To find an all-purpose solution, researchers led by Omar Yaghi, a chemist at the University of California, Berkeley, turned to a family of crystalline powders called metal organic frameworks, or MOFs. Yaghi developed the first MOFs—porous crystals that form continuous 3D networks—more than 20 years ago. The networks assemble in a Tinkertoy-like fashion from metal atoms that act as the hubs and sticklike organic compounds that link the hubs together. By choosing different metals and organics, chemists can dial in the properties of each MOF, controlling what gases bind to them, and how strongly they hold on.

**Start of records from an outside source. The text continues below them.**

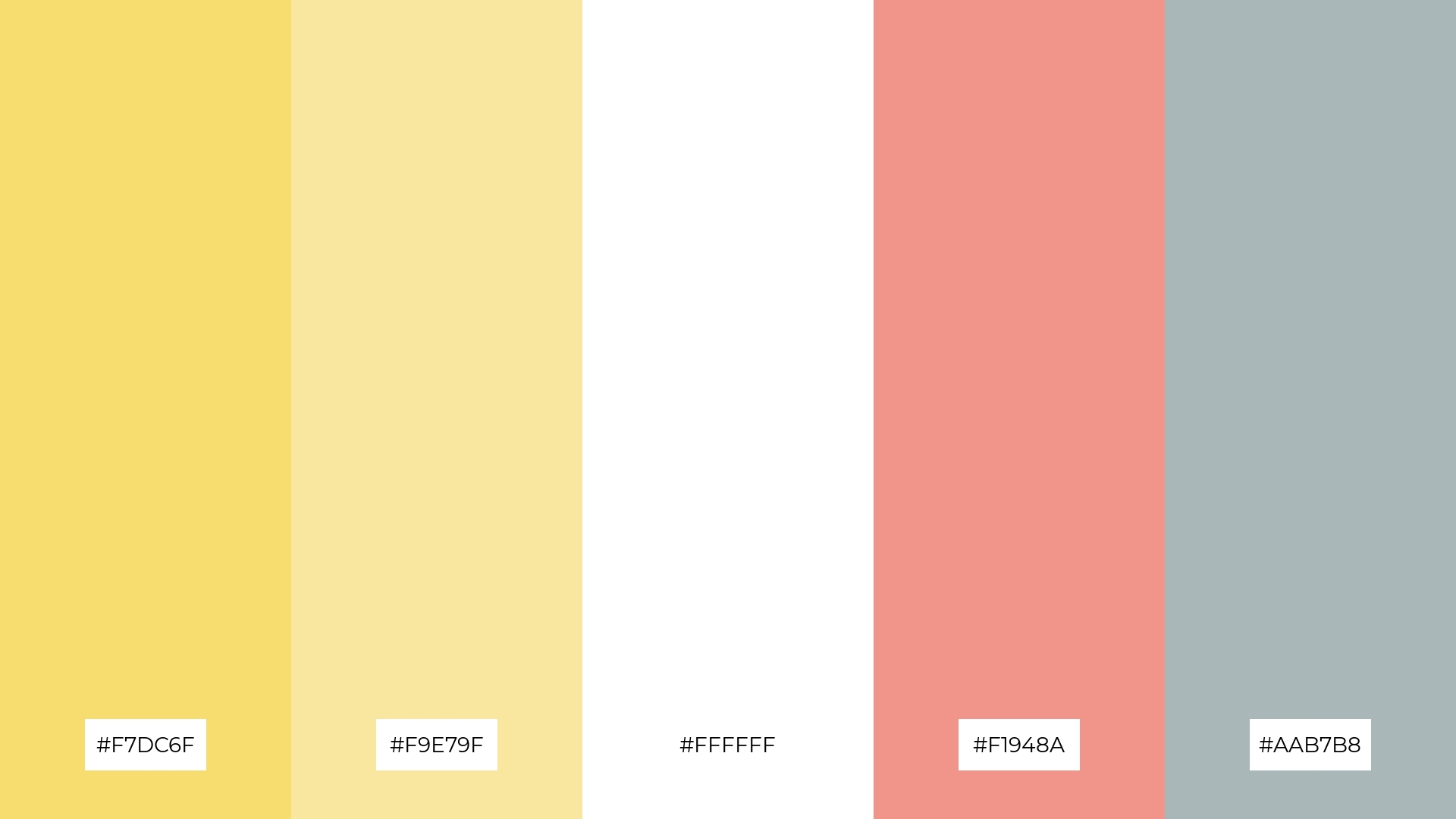 Lemon Sorbet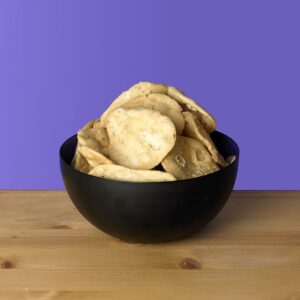 Methi Farsi Puri
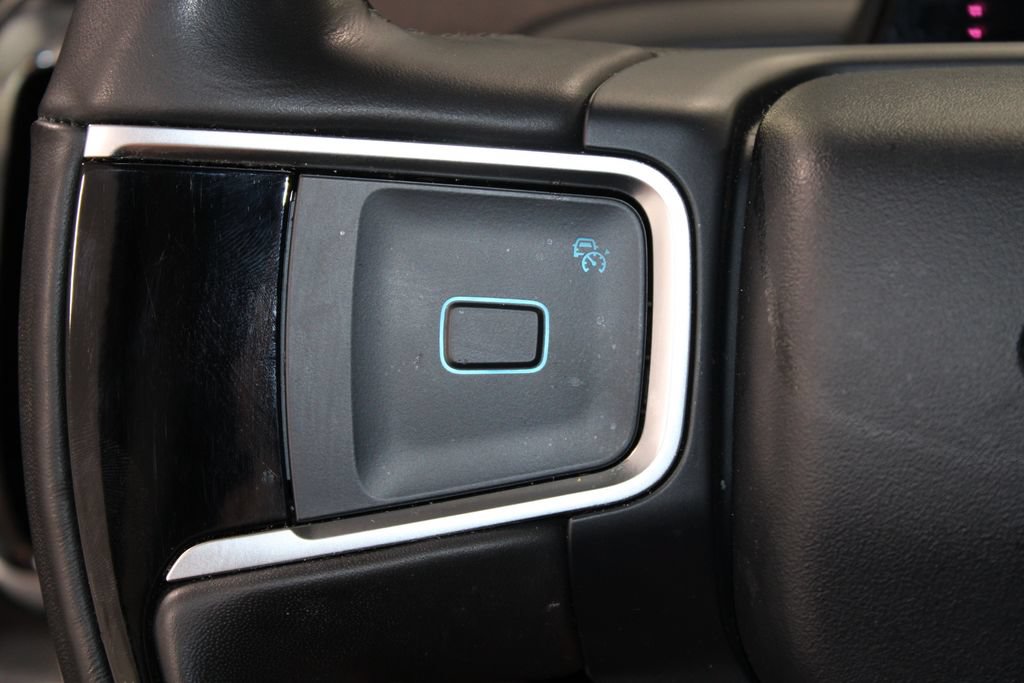 Used 2025 Ford Expedition Platinum w/ Platinum Ultimate Package AWD/4WD image 40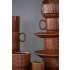 Talerz COFFEE & MORE 20 cm, terracotta Default 5018103- (21) thumbnail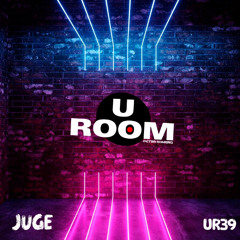 @URoom #39 Juge & Peter Romero (ES)
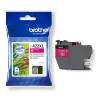 Brother LC-422XLM Magenta tintapatron LC422XLM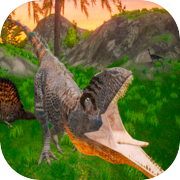 Gigantosaurus Dino Simulator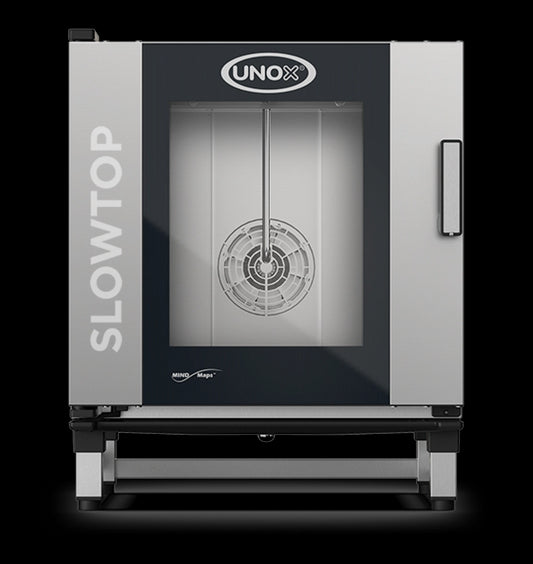 Unox SlowTop - Cook & Hold ovens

Over the past 2 decades chemists have synthesized more than 20,000 MOFs, each with unique molecule-grabbing properties. For example, Yaghi and others recently designed MOFs that absorb—and later release—methane, making them a type of high-capacity gas tank for natural gas–powered vehicles.
In 2014, Yaghi and his colleagues synthesized a MOF that excelled at absorbing water, even under low-humidity conditions. That led him to reach out to Evelyn Wang, a mechanical engineer at the Massachusetts Institute of Technology (MIT) in Cambridge, with whom he had previously worked on a project to use MOFs in automobile air conditioning. After synthesizing the new zirconium-based MOF, dubbed MOF-801, Yaghi met Wang at MIT and said, “Evelyn we have to come up with a water-harvesting device.” She agreed to give it a shot.
The system Wang and her students designed consists of a kilogram of dust-sized MOF crystals pressed into a thin sheet of porous copper metal. That sheet is placed between a solar absorber and a condenser plate and positioned inside a chamber. At night the chamber is opened, allowing ambient air to diffuse through the porous MOF and water molecules to stick to its interior surfaces, gathering in groups of eight to form tiny cubic droplets. In the morning, the chamber is closed, and sunlight entering through a window on top of the device then heats up the MOF, which liberates the water droplets and drives them—as vapor—toward the cooler condenser. The temperature difference, as well as the high humidity inside the chamber, causes the vapor to condense as liquid water, which drips into a collector. The setup works so well that it pulls 2.8 liters of water out of the air per day for every kilogram of MOF it contained, the Berkeley and MIT team reports today in Science.
“It has been a longstanding dream” to harvest water from desert air, says Mercouri Kanatzidis, a chemist at Northwestern University in Evanston, Illinois, who wasn’t involved with the work. “This demonstration … is a significant proof of concept.” It’s also one that Yaghi says has plenty of room for improvement. For starters, zirconium costs $150 a kilogram, making water-harvesting devices too expensive to be broadly useful. However, Yaghi says his group has already had early success in designing water-grabbing MOFs that replace zirconium with aluminum, a metal that is 100 times cheaper. That could make future water harvesters cheap enough not only to slake the thirst of people in arid regions, but perhaps even supply water to farmers in the desert.
*Update, 14 March, 12:28 p.m.: This item has been updated to reflect the fact that the device pulls nearly 3 liters of water out of the air for every kilogram of the water-absorbing material that is used.